Nabeel Haroon, vice president international equity sales at Topline Securities Ltd, said the index gained 4.0 per cent on a weekly basis as optimism grew over a possible peace deal between the US and Iran. He noted that Pakistan’s current account surplus widened sharply to $1,070 million in March, compared with $231 million in February. Car sales also showed strength. However, foreign direct investment slowed to $168 million. He added that individuals and local companies remained net buyers, while banks, foreign corporates and insurance firms sold equities during the week.
Sector activity remained strong. Fertiliser and automobile stocks led gains. Urea offtake rose 86 per cent year-on-year (YoY) to 569,000 tons in March, while other fertilisers also recorded strong growth. Auto sales reached about 19,100 units, driven by tractor demand. On the broader board, leather, textile weaving and vanaspati sectors posted the highest gains, rising up to 16.1 per cent WoW. Tobacco and woollen sectors saw slight declines.
Arif Habib Limited Research highlighted that the rally was backed by improving sentiment after the ceasefire and expectations of further diplomatic progress. The firm noted that Pakistan recorded its third consecutive monthly current account surplus of $1.07 billion. Large-scale manufacturing grew 6.5 per cent year on year in February, while banking deposits rose 18.6 per cent to Rs37.5 trillion. Power generation increased 6.0 per cent, while costs declined due to a better energy mix. Technology exports also grew 20 per cent year on year, reaching $413 million.
Syed Danyal Hussain of JS Research said the rally reflected easing geopolitical risks and improving external indicators. He pointed out that remittances supported the current account surplus, though the trade deficit widened to $2.4 billion. Foreign exchange reserves fell by $1.3 billion due to Eurobond repayments but were partly offset by Saudi inflows. He added that industrial activity remained stable, with large-scale manufacturing maintaining steady growth.

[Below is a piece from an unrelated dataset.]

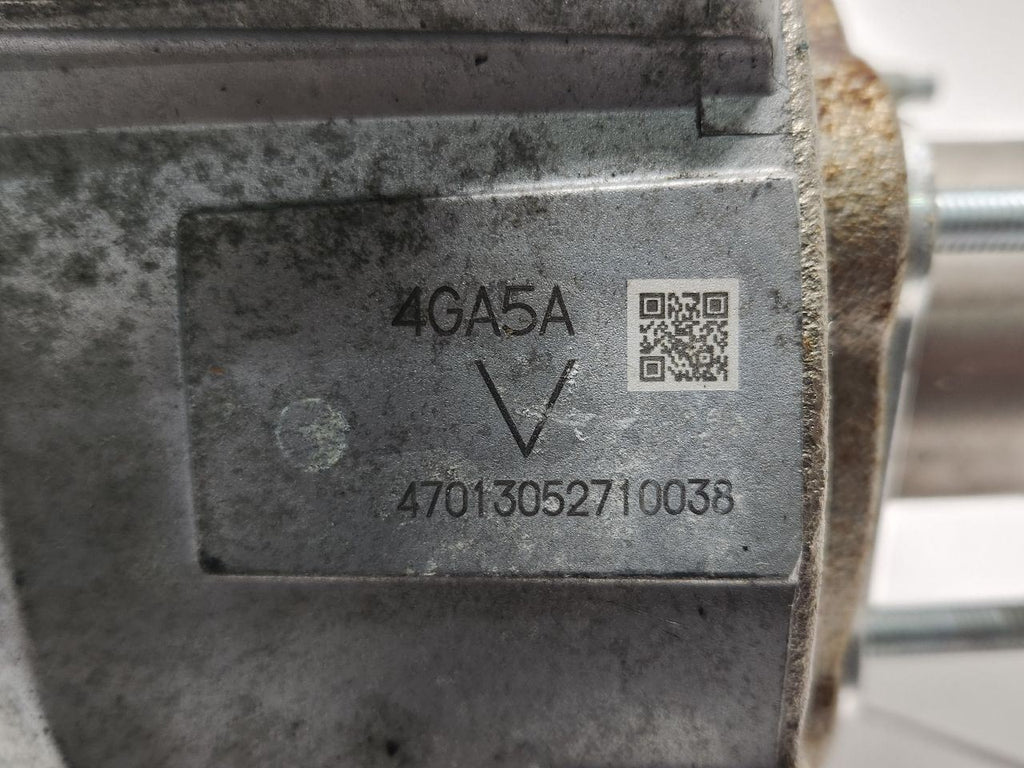 Image #5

On the flows side, AKD Research noted that individuals and companies led buying with net purchases of over $10 million each. Banks and insurance companies remained net sellers. Among individual stocks, major gainers included GAL, GHNI, LOTCHEM, BOP and SRVI, while laggards included PTC, FATIMA, ATRL, MEBL and BNWM.
Looking ahead, analysts expect market direction to depend on diplomatic progress and corporate earnings. Stable macro indicators, improving liquidity and strong sector performance may support the upward trend, but external risks and policy signals will remain critical.